◆ Task statement ◆
Every entry is to be returned unchanged, and no picture is to be included.

◆ Supplied data ◆
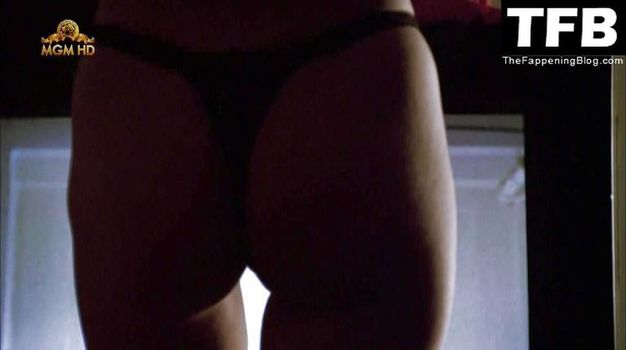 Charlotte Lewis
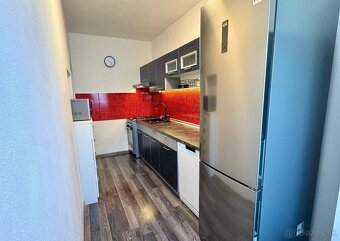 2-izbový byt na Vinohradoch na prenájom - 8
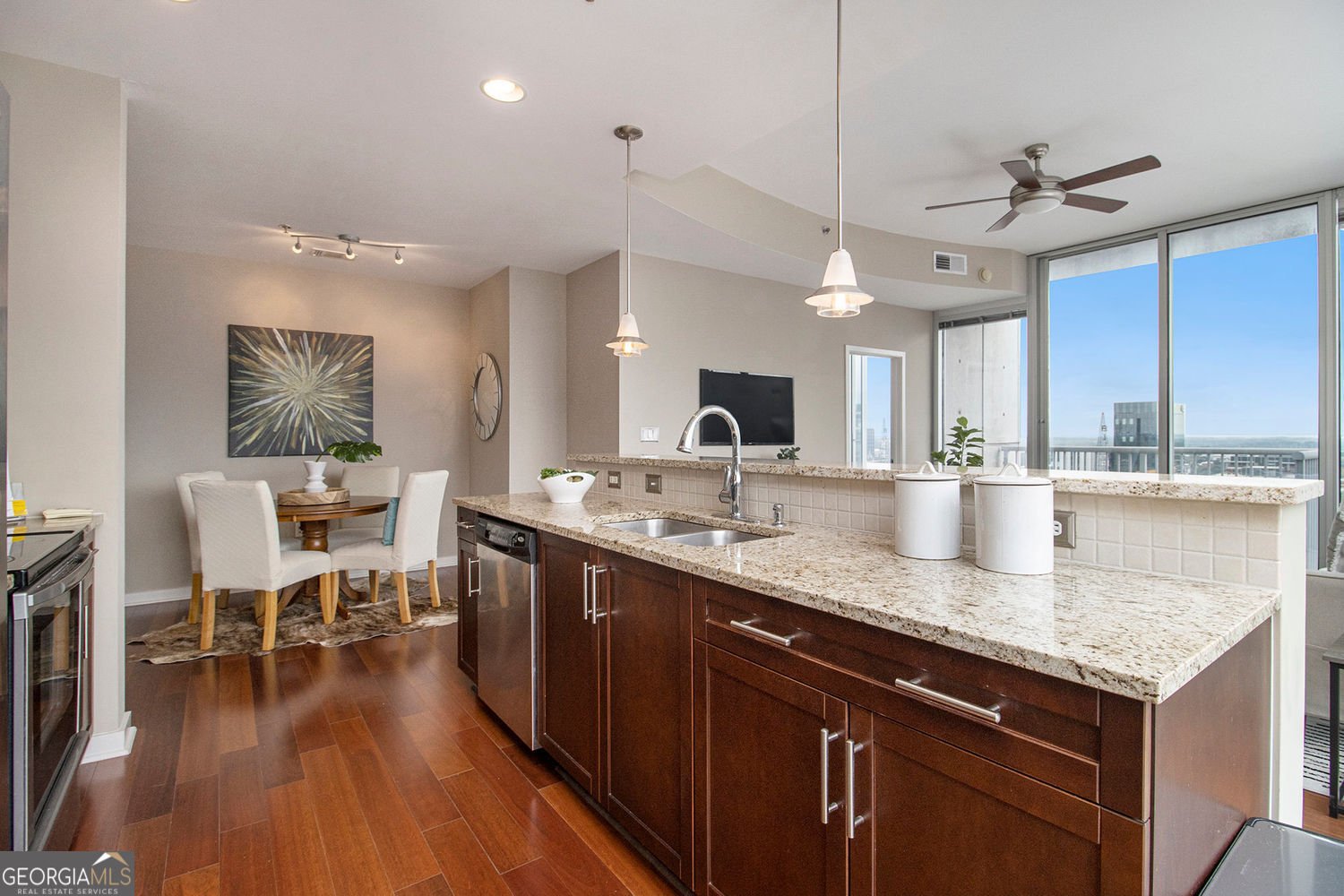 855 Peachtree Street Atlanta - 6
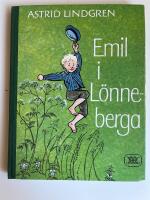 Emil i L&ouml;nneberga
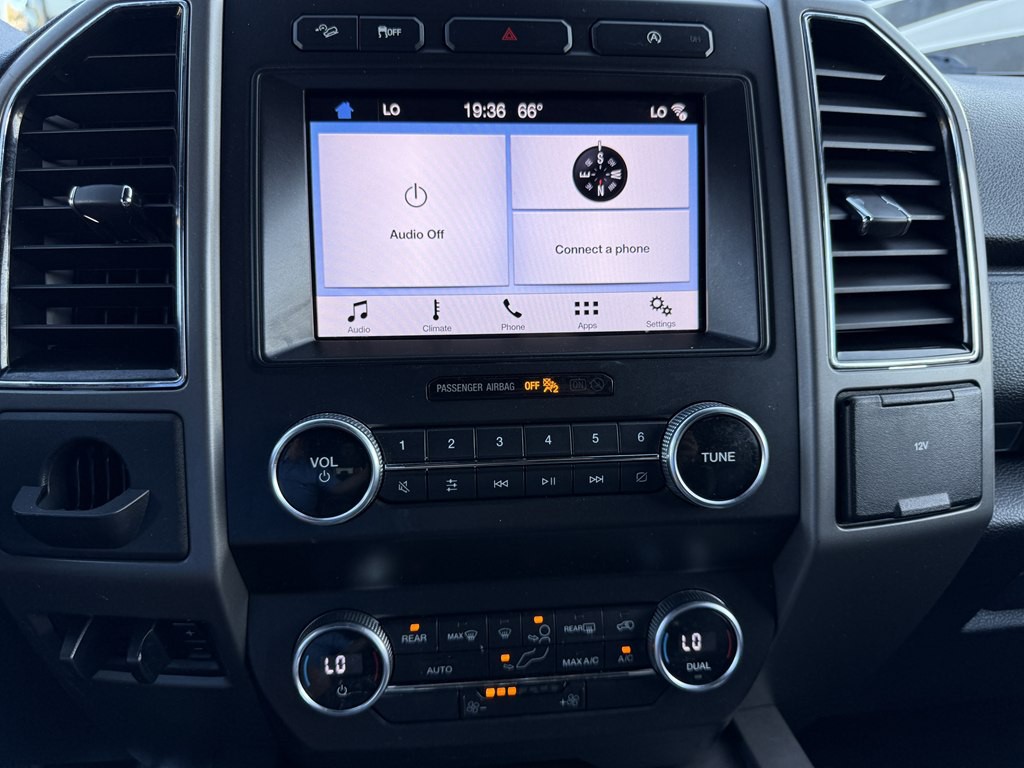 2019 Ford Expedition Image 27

◆ Finished task ◆
 Charlotte Lewis
 2-izbový byt na Vinohradoch na prenájom - 8
 855 Peachtree Street Atlanta - 6
 Emil i L&ouml;nneberga
 2019 Ford Expedition Image 27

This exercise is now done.